During July we experienced some very cold mornings! (The photo of frozen water drops on plants at the depot nursery was taken by Kylie). We’ve continued our hand weeding at our remnant sites, (Andrew Yandell Habitat Reserve in Greensborough and Wooded Way in Montmorency), chasing the sunshine during the day to warm up.
We again hosted some redeployed Banyule staff, and they have been very grateful to have some outdoor work! This time we had two staff helping us cut and paint a relatively recent coloniser of the Melbourne area - Cassinia sifton, at one of our reserves in Greensborough, Alma Brown Nature Reserve.

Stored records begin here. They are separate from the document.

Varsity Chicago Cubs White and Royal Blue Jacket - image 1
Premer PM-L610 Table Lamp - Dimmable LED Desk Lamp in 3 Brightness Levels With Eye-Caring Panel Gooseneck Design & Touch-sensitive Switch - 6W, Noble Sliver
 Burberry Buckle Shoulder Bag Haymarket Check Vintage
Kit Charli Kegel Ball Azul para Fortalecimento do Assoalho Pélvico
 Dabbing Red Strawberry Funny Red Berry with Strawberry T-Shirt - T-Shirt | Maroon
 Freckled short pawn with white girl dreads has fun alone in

The four of us removed a full ute load of the weed. After much stomping and squashing in the back of the ute, we managed to get it all in.
Alma Brown Reserve is 4.9 hectares of remnant bushland and was gifted to Banyule Council as a nature reserve by the late Alma Brown who lived on the property for many years. The reserve also has a conservation covenant with Trust For Nature. The reserve supports a small population of kangaroos and a number of significant plant species including the nationally threatened Dianella amoena (Matted Flax-lily), locally threatened Carex iynx (Tussock Sedge) and the Victorian rare Billardiera scandens s.s. (Velvet Apple-berry). There is small tributary of Diamond Creek that runs through the reserve too. It’s a beautiful place to wander through, with many mosaic artworks throughout.
We also did an infill planting with the redeployed staff at our Banyule Swamp East site. A total of 655 plants were infilled into the site. We planted a range of species to increase the diversity of the site including 30 trees and shrubs, 210 sedges and semi-aquatics, and 340 grasses. We placed most of the trees and shrubs near the new fence to soften the view across the paddock and create a canopy connection to the swamp entry area. We guarded most of these plants to protect them from grazing animals, damage from the weather and easier maintenance for us! (Photo: A sea of tree gurads at Banyule Swamp East, K D'Amico.)